Doing Your Clients’ Work For Them
Here’s where the power of process standardization shines. Clients may be resistant when they hear they have to put in extra effort to make the relationship work and for you to do your job effectively. Take that hesitation out of the equation by doing their work for them. Provide a starter packet filled with samples of all the materials they will need to provide you. Include a blank sheet or online form for potential customers to fill in the information you need from them to get started.
Ask things like:
- What are your primary business goals for this fiscal year? For the next 5 years?
- How large is your estimated average audience size when promoting your business?
- Where is your business website located?
- Is your brand on social media? (Twitter, Facebook, LinkedIn, Google+)
- What sort of branded materials do you currently produce in house?
- What is your total budget for this service?

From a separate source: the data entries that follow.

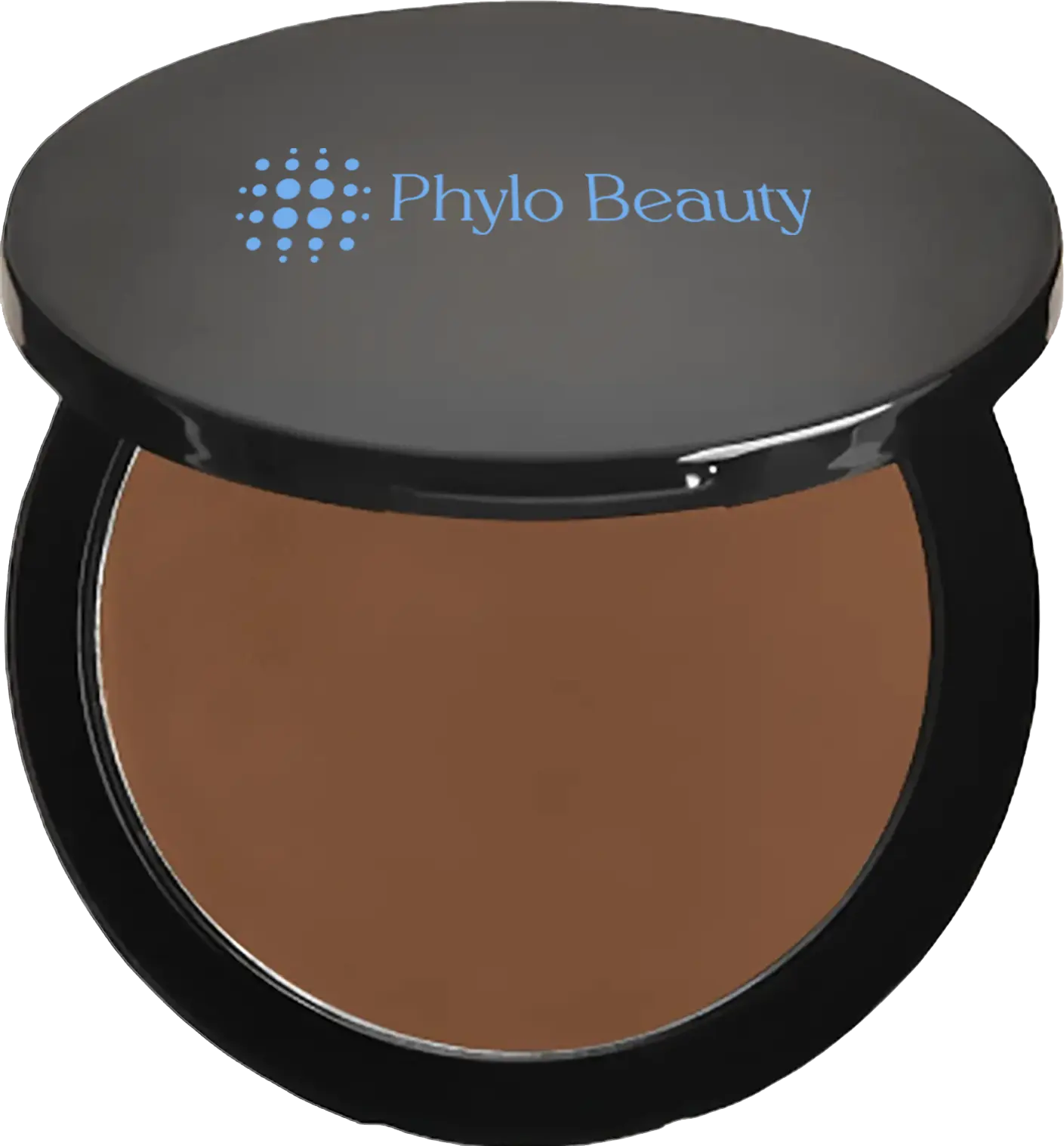 Bronzer - Mocha - PHYLO BEAUTY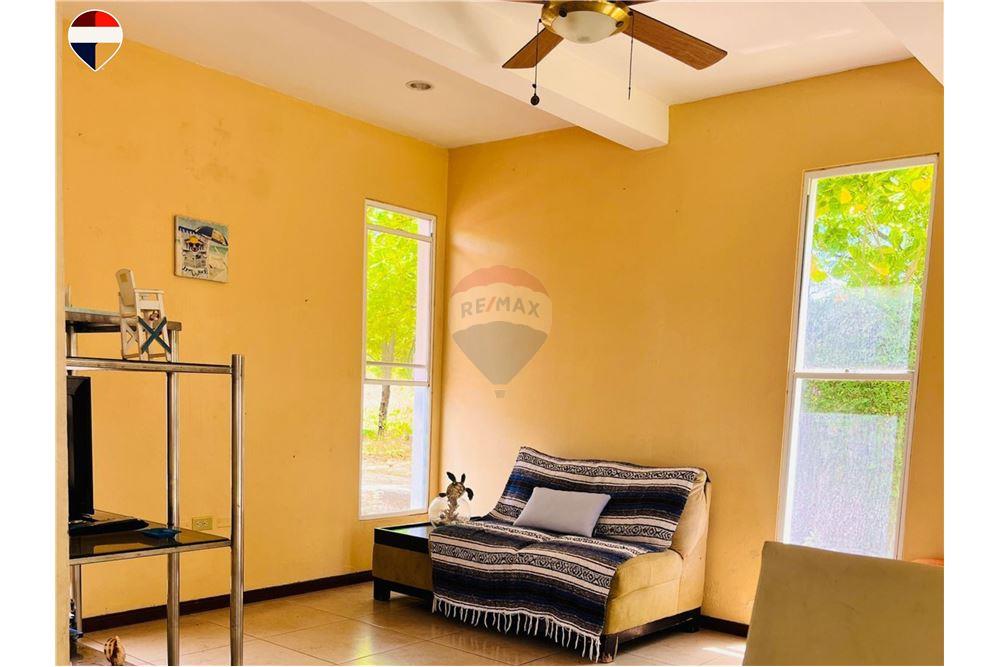 Villa - Te Koop - San Rafael del Sur, Managua, Nicaragua - 10 - 902521002-28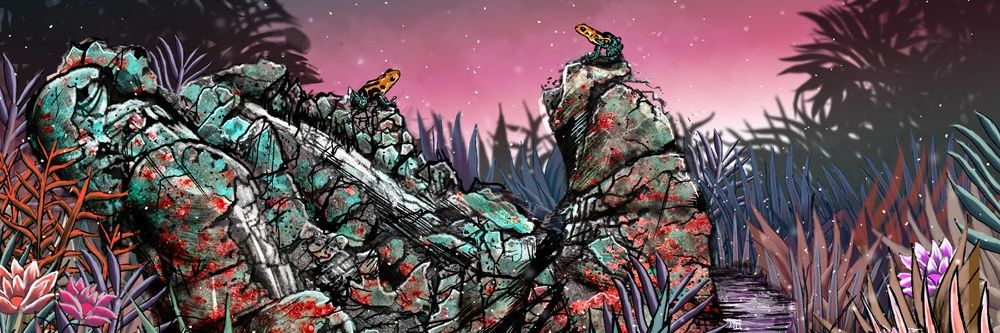 Thb_Caillet's profile banner image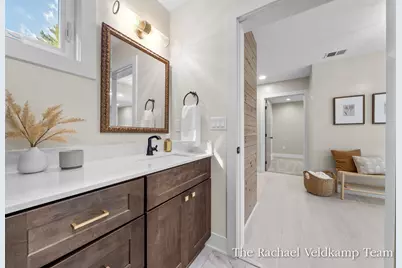 6738 Ramsdell Drive NE, Rockford, MI 49341 - Photo 12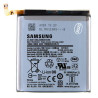 Samsung Akku EB-BA705ABU Battery Li-Ion 4500mAh für Galaxy A70 - A705F bulk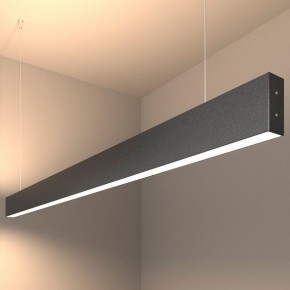 Подвесной светильник Elektrostandard Grand a042946 в Верхней Пышме - verhnyaya-pyshma.mebel24.online | фото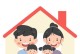 付出与回报（付出与回报）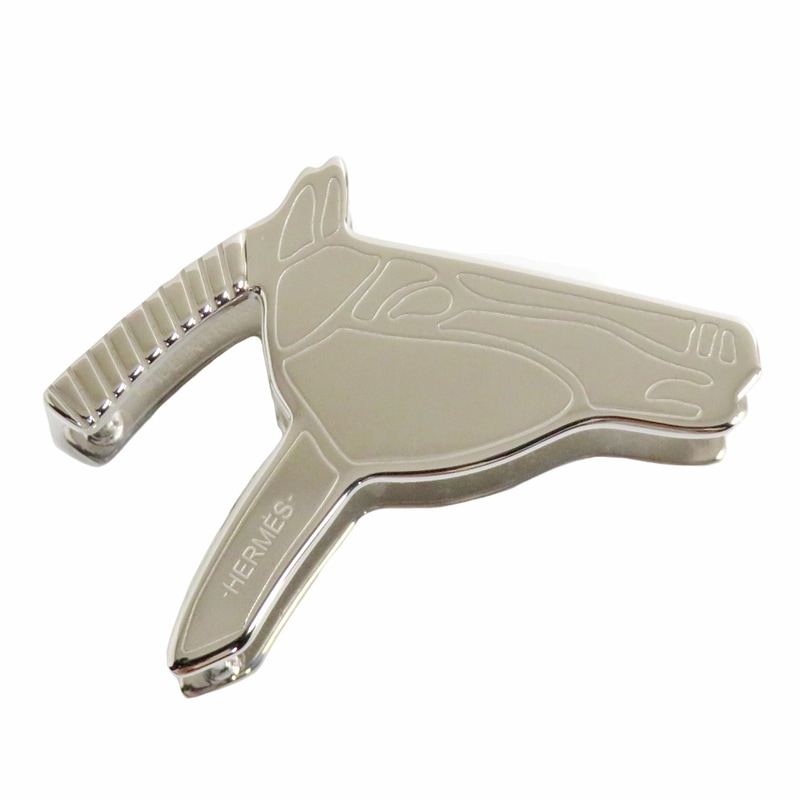 ��̾�Ų��ۡ�HERMES�ۥ���᥹ ���ɥ꡼���� ����С� �� �������ե�� �ĥ��꡼��� �ۡ���������� ��ǥ����� ��ʪ�ڿ��ʡۡ�̤���ѡۡ���š�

- Upload your logo and relevant branded imagery
Now, let’s take this information and plug it into a total service packet for content marketing. If we’ve done our work and standardized our processes beforehand, for example, we should be able to easily graft this information into existing templates. With a bit of tweaking and word-crafting, we’ll be able to quickly provide the client with high-quality samples or drafts of marketing materials such as:
- Press Releases for local media
- Informational Emails
- Newsletters for subscribers
The process of streamlining your service offerings is a two-way street. You have to put the time in upfront to map out, optimize and implement your processes before you can add value to both your company and your clients. Once you’ve laid the groundwork, it’s up to your customers to finish the equation by offering the information you need. The most successful companies have both sides of the coin figured out.
Do you have standardized processes for your business? How have they helped you be more efficient?